Petrochemical feedstocks made up about 12% of oil demand in 2017 but Wood Mackenzie Chemicals sees significant growth over the next 20 years as demand for plastics and fibres grows.
Faced with the prospect of declining use in transportation as vehicle efficiencies and electrification bite, the oil industry is turning to petrochemicals for long-term oil demand growth. However, “petrochemicals” mostly means “plastics”, which are now in the sustainability spotlight.
The public, environmentalists, brand owners, institutions and now governments are responding to the rising tide of negative perception of plastics caused mainly by their improper disposal after use. The reaction to their environmental impact has been to increase efforts to reduce, ban plastics and/or increase reuse and recycling.
How does that impact the potential for chemicals to be the vehicle of long-term oil demand growth? This is a massively complex and increasingly sensitive issue and one that won’t be effectively resolved quickly or easily.
Plastics are just too efficient to be easily replaced
Understanding the implications for natural resources and the environmental consequences of shifting away from plastics must take into account the entire supply chain. What replaces plastics? Metal? Wood? Paper? Glass?
There is little doubt that much, much more can be done to reduce waste and consumption. One of the key issues is that plastics, particularly in packaging applications, are incredibly efficient and cost effective; finding an alternative solution is not easy. Alternatives can also be costly and few want to incur the burden of higher costs. The consumer and/or brand owners eventually will have to absorb the higher costs but are they willing to do so?
Another important point to bare in mind is the size of the fibre industry, another large market that falls under the petrochemicals umbrella. It is approaching 100 million tons and we expect it will keep growing with rising incomes and improving standards of living. Polyester, one of the man-made fibres, is the largest of these markets by far. However, there is no meaningful alternative to meet growing fibre demand than polyester, so replacing this material within its current capacity would be near-to-impossible.
Intentions and implementation are not aligned
The importance of a circular economy for plastics is evolving from a minority view to a broader consumer desire via governments, brand owners and consumers. However, the solutions to overcome current barriers are not simple and clear. Many questions need to be answered when considering the wider implications, including the impact on natural resources.
For example, plastics are extensively used in food packaging to prevent spoilage, which in turn reduces transportation costs, food costs and energy requirements. But if plastic food packaging is banned, spoilage increases and this will lead to more land, water, pesticides, equipment and so on being consumed. In the end, is this better for the environment? Further analysis is required to properly measure the full impact on the entire supply chain.
Rapidly growing need for circular plastics economy
What of the circular plastics economy? There is little doubt increased plastic waste needs to be addressed and a circular economy helps reduce waste .
Recycling volume is a function of economics, waste management and sustainability initiatives/regulation.
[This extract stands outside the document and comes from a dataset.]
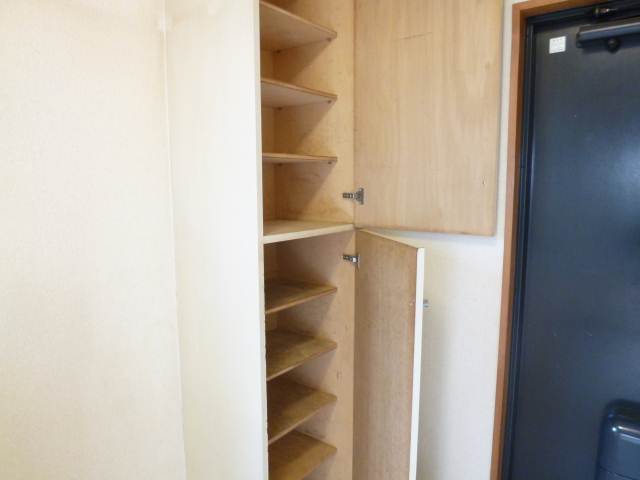 Entrance. Shoebox Open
In order to move towards a circular plastics economy, plastic companies must innovate toward recyclable applications, participate in the recycling value chain and move away from single-use products.
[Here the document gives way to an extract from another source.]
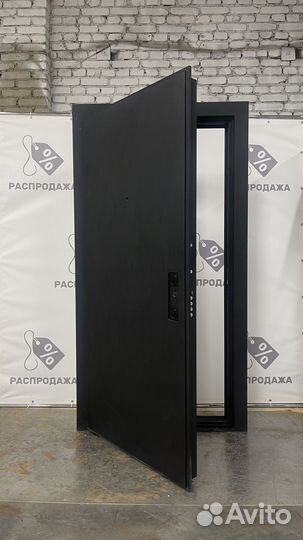 Входная дверь X, А-12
A number of governments have recently taken measures to inspire this transition. In January 2018, China, the world’s largest importer of recycled material, implemented a ban on the import of plastic waste. This initially increases virgin resin demand in China and will also advance recycling investments in other countries. Canada’s Waste Free Ontario Act encourages innovation in recycling processes and requires producers to take full responsibility for their products and packaging, imposing a target of 80% waste diversion by 2050. Finally, the European Union has stated its intentions for 2030 that 1) All plastic packaging is reusable or recyclable; 2) More than half of plastic packaging waste will be recycled; 3) Sorting and recycling capacity will increase dramatically.
Despite backlash, plastics growth will continue for the next 20 years
Despite all of these issues, chemical demand will persist for the next 20 years due to an increase in global median incomes, growing populations and an improvement of living standards. While there will be lower growth rates, the sheer size of the market today will generate sizeable volume growth.